This post is kind of like an April Fools joke on myself.
I think all of us have to one degree or another an alter ego. That is a second self who is distinctively different from who we presently are day-to-day. Many of my personal journal posts are to my alter ego “Joe”. He is my younger much more timid and less sure self. It took me many years to move out of that mode and to a degree I am still sometimes stuck there.
Before I go any further lets look at the “official” definition of alter ego.
An alter ego is a second self, which is believed to be distinct from a person’s normal or original personality. A person who has an alter ego is said to lead a double life. Cicero was the first to coin the term as part of his philosophical construct in 1st century Rome, but he described it as “a second self, a trusted friend”.
Joe grew up in a single parent household with a stoic father. Mirrors were not his favorite thing.

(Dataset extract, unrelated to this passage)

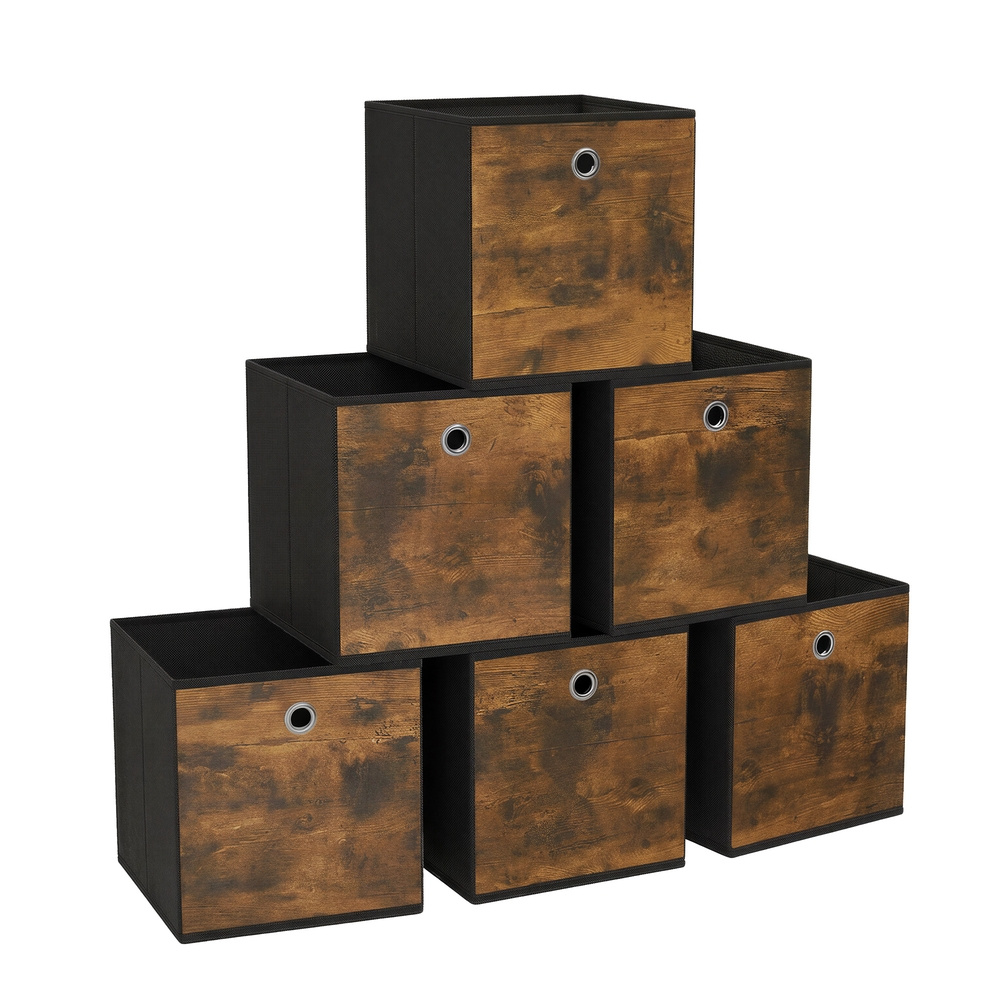 6-piece Set Of Fabric Storage Boxes, Foldable Cube Baskets With Handles, For Shelves, Brown-black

He thought he had a weak chin and just didn’t like looking at himself. He would never look into a mirror and imagine who he might become. He was for the most part never encouraged to do anything. He was never shown much affection and therefore was very reluctant to show any himself. Joe was one of those guys who always slipped into the background of life too shy to admit that he had an opinion on things let alone actually tell anyone what he might be thinking. Joe was always a dreamer but never had much ambition. He was always doubtful that he was as good as most of those around him. Joe never had a mentor who might have been able to drag him outside of himself. Even though he was the first in his extended family to go to college he, like his father, never had much faith in himself.

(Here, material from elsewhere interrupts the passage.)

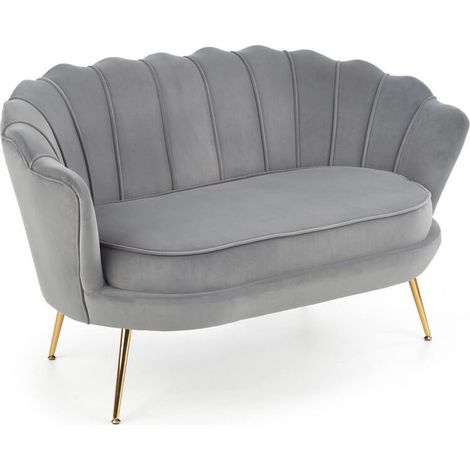 Canapé en velours gris avec pieds dorés en métal CAPRICA XL (1/5)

If you haven’t guessed by now the J in RJ is for Joe and yes he is my alter ego. It took years for RJ to final come to the surface and leave Joe behind in the shadows. In some ways many of my posts are to Joe as to try to encourage him understand that he is a contributor to the world around him. He is unique and matters in life. I feel deeply for all those young kids around today who might be stuck in the “Joe” mode. I wish I could be there for each and every one of them.